# VGG Neural Network

VGG is a convolutional neural network architcture that was proposed by Karen Simonyan
and Andrew Zisserman of Oxford Robotics Institute in the the year 2014. in a paper called [Very deep convolutinal networks for large-scale image recognition](https://arxiv.org/pdf/1409.1556.pdf). It was submitted to Large Scale Visual Recognition Challenge 2014 (ILSVRC2014).

VGG takes in a 224x224 pixel RGB image. For the ImageNet competition, the authors cropped out the center 224x224 patch in each image to keep the input image size consistent.

The convolutional layers in VGG use a very small receptive field (3x3, the smallest possible size that still captures left/right and up/down). There are also 1x1 convolution filters which act as a linear transformation of the input, which is followed by a ReLU unit. The convolution stride is fixed to 1 pixel so that the spatial resolution is preserved after convolution.
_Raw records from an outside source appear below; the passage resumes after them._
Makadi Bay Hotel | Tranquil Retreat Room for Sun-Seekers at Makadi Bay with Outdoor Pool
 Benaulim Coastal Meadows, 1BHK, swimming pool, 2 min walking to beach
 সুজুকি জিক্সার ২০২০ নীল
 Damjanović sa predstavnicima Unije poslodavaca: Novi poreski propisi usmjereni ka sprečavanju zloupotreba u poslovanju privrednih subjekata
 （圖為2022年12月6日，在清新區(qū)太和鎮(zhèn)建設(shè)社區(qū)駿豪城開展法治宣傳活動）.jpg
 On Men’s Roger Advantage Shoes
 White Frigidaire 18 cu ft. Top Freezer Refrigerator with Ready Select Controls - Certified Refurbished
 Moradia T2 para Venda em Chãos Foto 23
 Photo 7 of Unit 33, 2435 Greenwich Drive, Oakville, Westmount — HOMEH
VGG has three fully-connected layers: the first two have 4096 channels each and the third has 1000 channels, 1 for each class.

All of VGG’s hidden layers use ReLU (a huge innovation from AlexNet that cut training time). VGG does not generally use Local Response Normalization (LRN), as LRN increases memory consumption and training time with no particular increase in accuracy.

On a single test scale, VGG achieved a top-1 error of 25.5% and a top-5 error of 8.0%. At multiple test scales, VGG got a top-1 error of 24.8% and a top-5 error of 7.5%. VGG also achieved second place in the 2014 ImageNet competition with its top-5 error of 7.3%, which they decreased to 6.8% after the submission.

In [1]:
import torch
import torch.nn as nn

Thea are various VGG configurations listed in the paper. Number by the VGG stands for number of layers (the depth), and the M stands for `maxpool`:

In [2]:
VGG_types = {
    "VGG11": [64, "M", 128, "M", 256, 256, "M", 512, 512, "M", 512, 512, "M"],
    "VGG13": [64, 64, "M", 128, 128, "M", 256, 256, "M", 512, 512, "M", 512, 512, "M"],
    "VGG16": [64, 64, "M", 128, 128, "M", 256, 256, 256, "M", 512, 512, 512, "M", 512, 512, 512, "M",],
    "VGG19": [64, 64, "M", 128, 128, "M", 256, 256, 256, 256, "M", 512, 512, 512, 512, "M", 512, 512, 512, 512,"M",],
}

The one we'll be focusing on is VGG16.
Now, lets build the network:

In [3]:
class VGG_net(nn.Module):
    def __init__(self, in_channels=3, num_classes=1000):
        super(VGG_net, self).__init__()
        self.in_channels = in_channels
        self.conv_layers = self.create_conv_layers(VGG_types["VGG16"])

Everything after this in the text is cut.